Because an attorney who is held out to the public as "of counsel" should have a close, regular, personal relationship with the affiliated firm, the standards of conduct applicable to multiple representations by partners and associates of law firms, should also apply to "of counsel" attorneys. Accordingly, when an "of counsel" attorney would be required to decline or withdraw from multiple representations under Standards 35, 36 and 37, then under Standard 38, no partner, associate or other "of counsel" attorney of the principal firm may accept or continue such employment.

OPINION:

I. Use of the Term "Of Counsel" on Materials Intended for Public Distribution.

The use of the term "of counsel" to denote relationships between attorneys and law firms has increased in recent years. Traditionally the term was used to designate semi-retired lawyers who desired to maintain a regular association with a law firm for which they were previously a full-time attorney. Today, the term "of counsel" is used to describe a wide range of associations and relationships including lateral hires or attorneys who are in-between associate and partnership classifications. While the primary purpose of this opinion is not to limit or define the terms of such relationships, the Board does believe that some clarification is necessary to protect members of the public who may rely upon the "of counsel" designation in selecting legal representation.

Although the Georgia Code of Professional Responsibility does not define the term "of counsel", the American Bar Association has issued a formal opinion which describes the core characteristics of the term as follows:

... A close, regular, personal relationship; but a relationship which is neither that of a partner (or its equivalent, a principal of a professional corporation), with the shared liability and/or managerial responsibility implied by that term; nor, on the other hand, the status ordinarily conveyed by the term 'associate', which is to say a junior non-partner lawyer, regularly employed by the firm.

(Emphasis added). ABA Formal Advisory Opinion 90-357 (1990). The ABA also continues to adhere to aspects of its earlier opinion which prohibited the use of the term "of counsel" to designate the following relationships: (1) a relationship involving only a single case, (2) a relationship of forwarder or receiver of legal business, (3) a relationship involving only occasional collaborative efforts, and (4) relationship of an outside consultant. See ABA Formal Opinion 90-357 (1990) (reaffirming in part ABA Formal Opinion 330 (1972)). Other jurisdictions which have considered this issue have adhered to the ABA's description of the "of counsel" relationships. See Florida Professional Ethics Committee Opinion Nos. 94-7 (1995); State Bar of California Standing Committee on Professional Responsibility and Conduct, Formal Opinion No. 1993-129 and the New York State Bar Association Committee on Professional Ethics Opinion No. 262 (1972).

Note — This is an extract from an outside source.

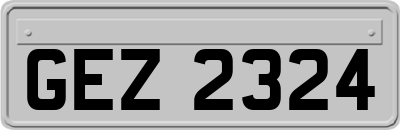 GEZ2324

The Board is of the opinion that the use of the term "of counsel" on letterhead, placards, advertisements and other materials intended for public distribution should denote more than casual contact such as mere office-sharing arrangements and that requiring a close, regular, personal relationship between the "of counsel" attorney and the principal firm is in accordance with the reasonable expectations of the consuming public. Requiring attorneys who are held out to the public as "of counsel" to have a close, regular, personal relationship with the principal firm is also in keeping with well-established standards of conduct requiring lawyers to be scrupulous in the representation of their professional status and prohibiting attorneys from practicing under trade names which are false, fraudulent, deceptive or that would tend to mislead laypersons as to the identity of lawyers actually practicing in the firm. See Standards of Conduct 8 and 9 and EC 2-11 and EC 2-13.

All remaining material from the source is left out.